■ Problem details ■
All the lines below need to be output exactly, apart from any images.

■ Data provided ■
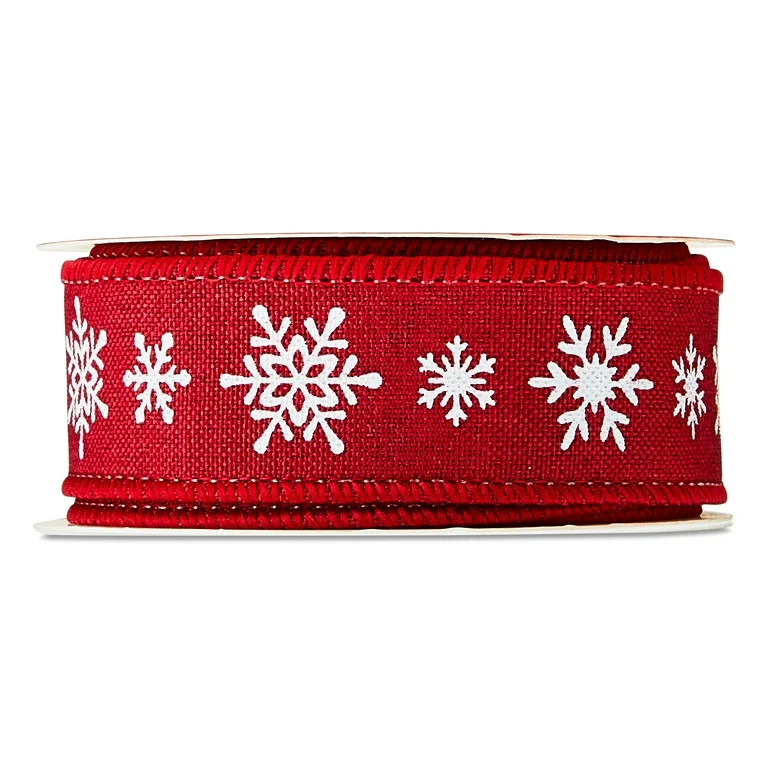 Red and White Snowflake Mini Christmas Ribbon, 1" x 12', by Holiday Time | Walmart (US)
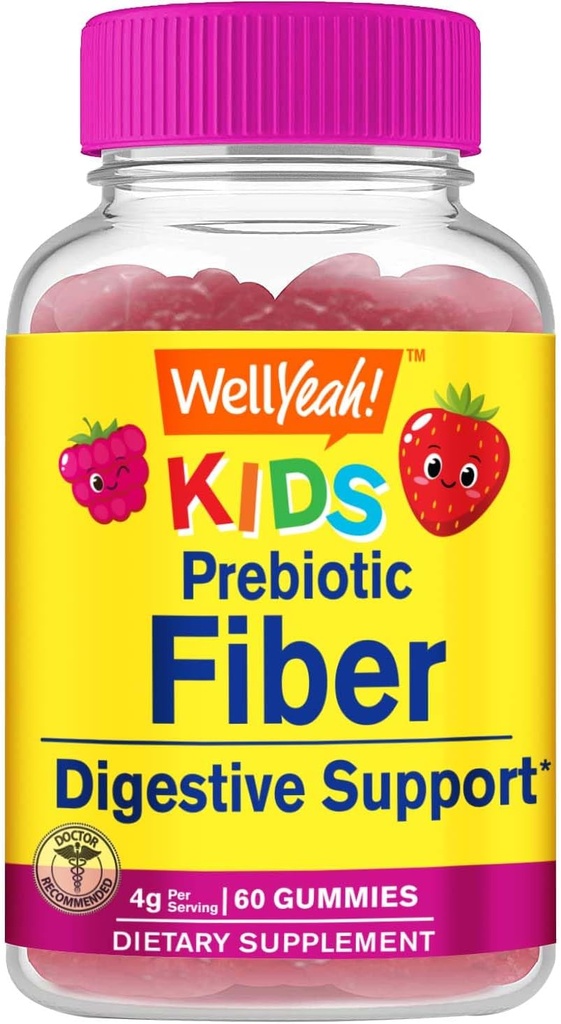 (原始内容存档于2017-09-26). Wellyeah Prebiotic Fiber Gummys for Kids - 消化系统支持,医生推荐 - Vegan Friendy and Gluten - Free, GMO Free - Yummy Berry Flavors - 60 Count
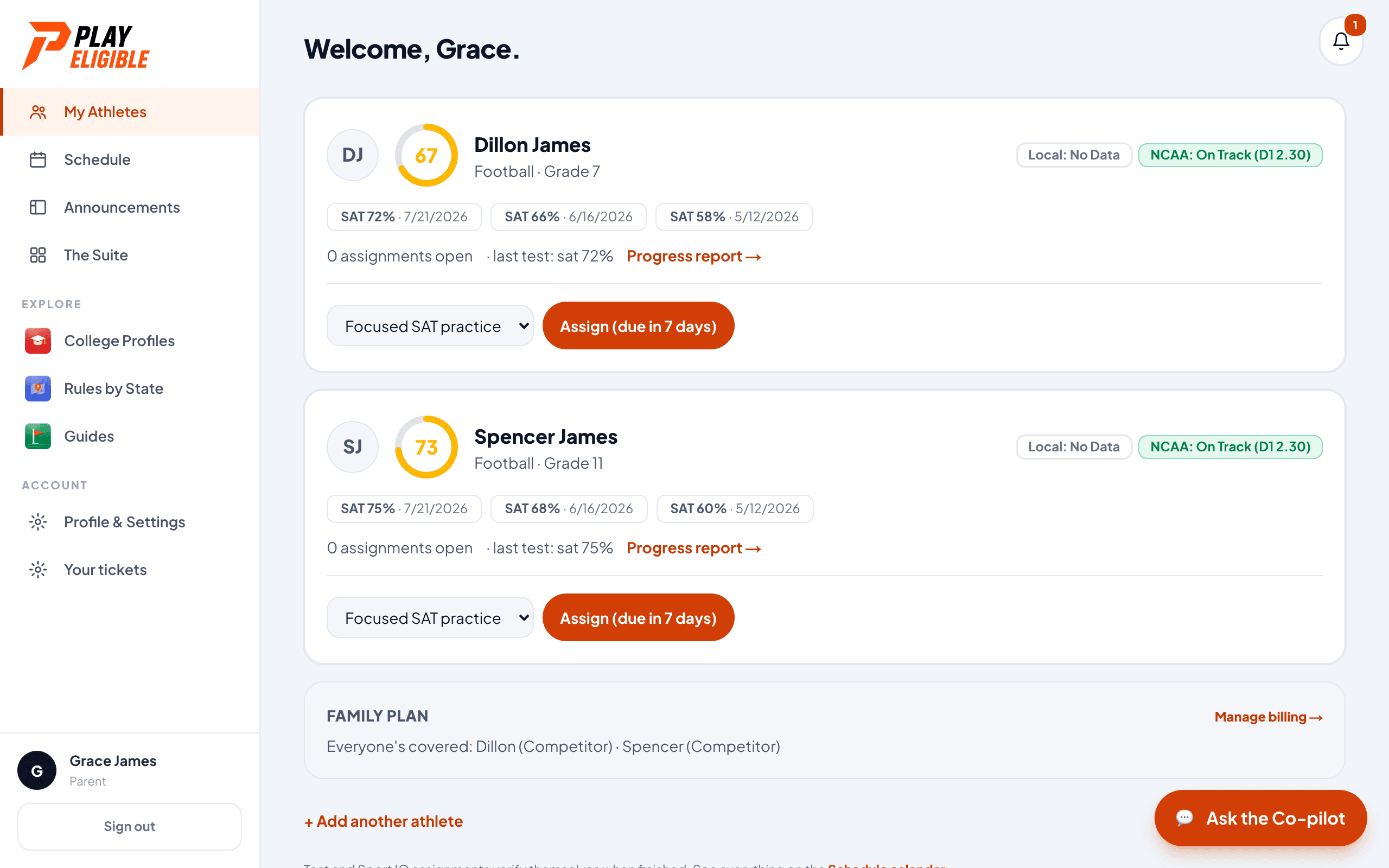 The PlayEligible family dashboard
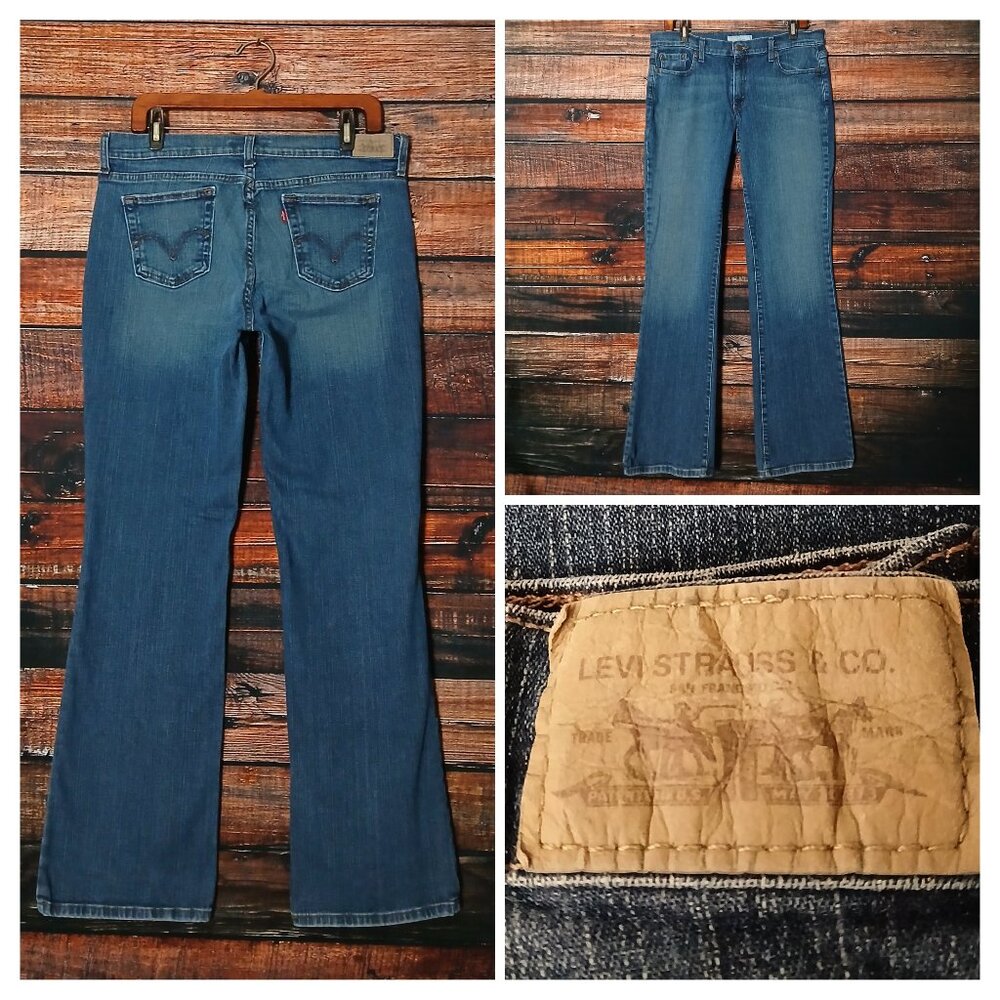 Levis Vintage 515 Jeans 12 Long Boot Cut Mid Rise Blue Denim Stretch 2001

■ Exercise solution ■
 Red and White Snowflake Mini Christmas Ribbon, 1" x 12', by Holiday Time | Walmart (US)
 (原始内容存档于2017-09-26). Wellyeah Prebiotic Fiber Gummys for Kids - 消化系统支持,医生推荐 - Vegan Friendy and Gluten - Free, GMO Free - Yummy Berry Flavors - 60 Count
 The PlayEligible family dashboard
 Levis Vintage 515 Jeans 12 Long Boot Cut Mid Rise Blue Denim Stretch 2001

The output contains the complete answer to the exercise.